= Hilgrove Clement Nicolle =

British civil servant

Hilgrove Clement Nicolle (19 July 1855 – 11 December 1908) was a British civil servant, who served as the Auditor General of Cyprus (1883-1889), the Auditor for Hong Kong (1890-1904), and the Treasurer of Ceylon (1904-1908).

Hilgrove Clement Nicolle was born on 19 July 1855 in Saint Helier, Jersey, the seventh child and fourth son of Josué Manger Nicolle (1810-1886) and Harriet Beresford née Nicolson (1817-1898), the daughter of Major Gideon Nicolson. Along with his siblings Nicolle attended Victoria College, Jersey.

He started his career working for the London and Westminster Bank in London. In February 1880 he joined the Foreign Office, and was appointed an assistant auditor at British Cyprus. He served three years before being promoted to Auditor General of Cyprus. Between 1886 and 1889 he also served as the British delegate of Evkaf. Evkaf is an Islamic foundation created to administer properties donated under Islamic law. In addition during his tenure in Cyprus he was also the mayor of Nicosia.

In January 1890 he was appointed as the Auditor for Hong Kong. In 1894 he was called upon to assist combating the plague in Victoria, Hong Kong and for his service he was awarded a gold medal by the government.

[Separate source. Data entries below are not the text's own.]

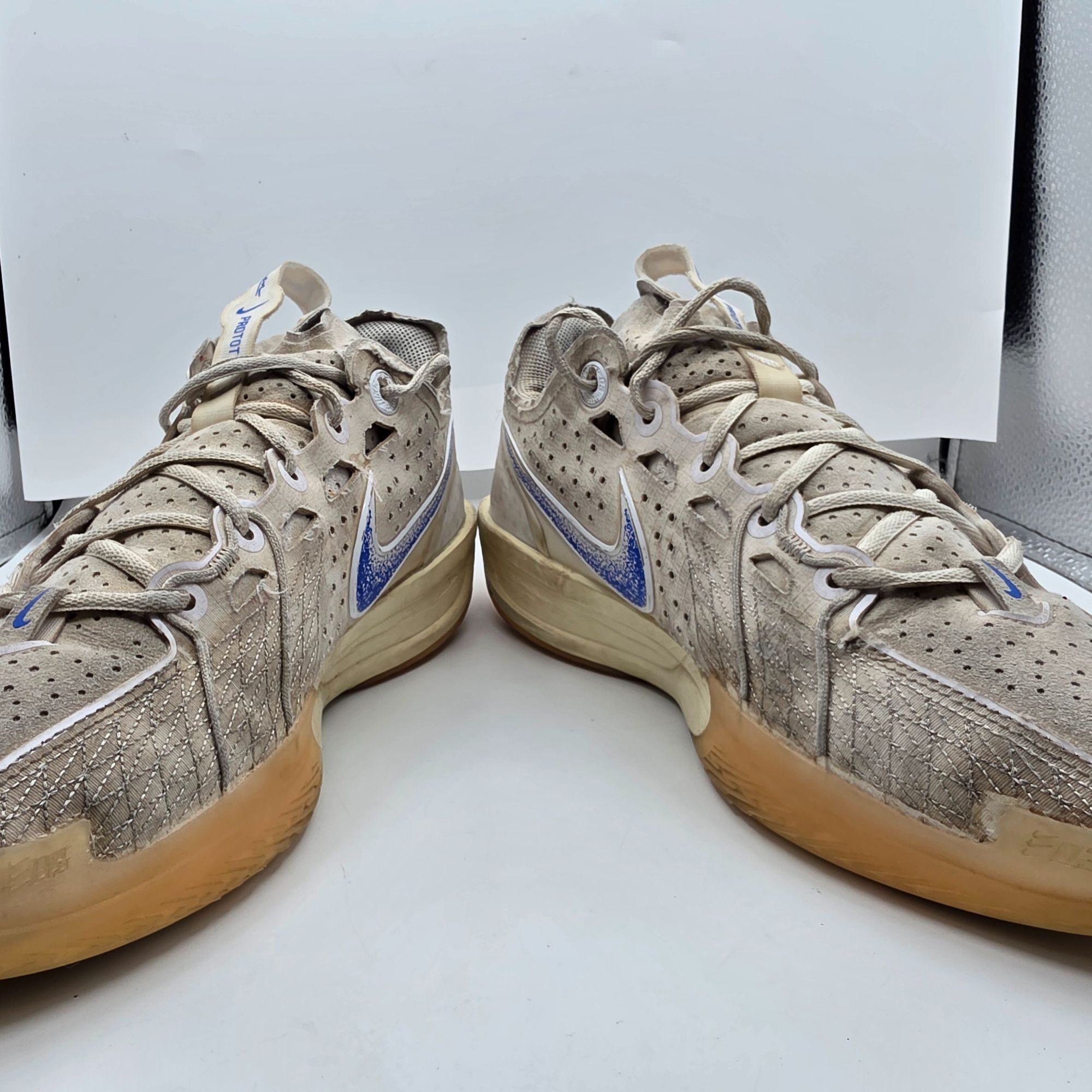 Nike Nike Mens Air Zoom GT Cut 3 Blueprint Pack HJ8206-100 Size 1 Size US 11.5 / EU 44-45 - 3 Thumbnail
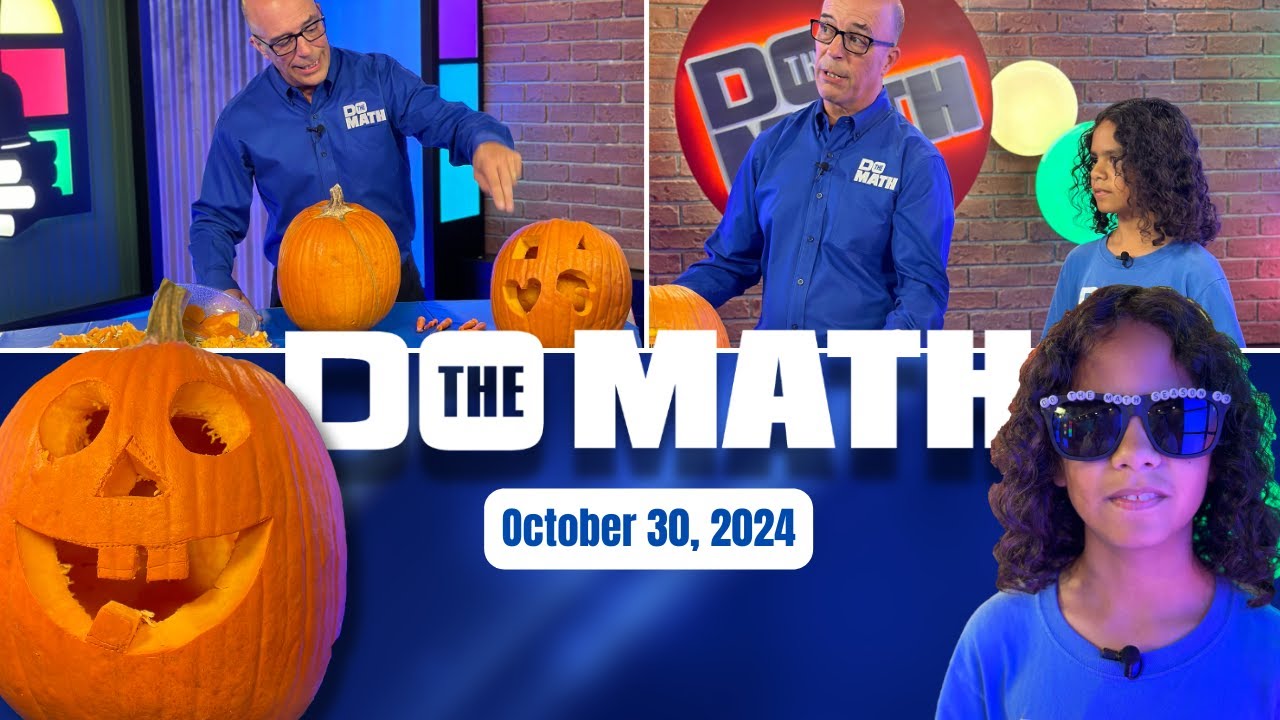 DO THE MATH - October 30, 2024 - YouTube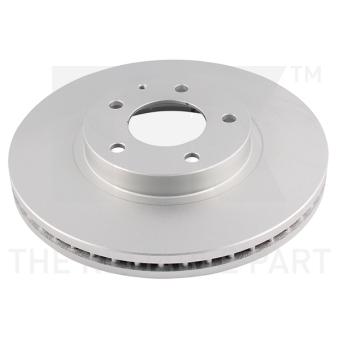 Jeu de 2 disques de frein avant NK OEM L12Y3325X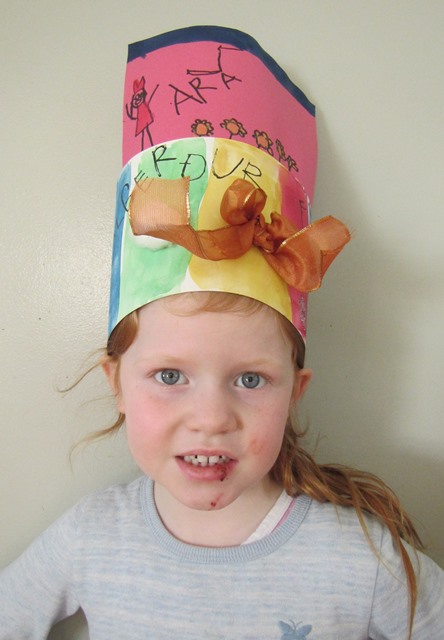 Valgerður Freyja 5 ára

In March 1900 he was appointed to the Legislative Council of Hong Kong.

In February 1904 he was transferred to British Ceylon by the Secretary of State to investigate into the system of public accounts in the colony, which led to his appointment as Treasurer of Ceylon and Commissioner of Stamps on 6 September that year.

Nicolle died on 11 December 1908 in Colombo of typhoid.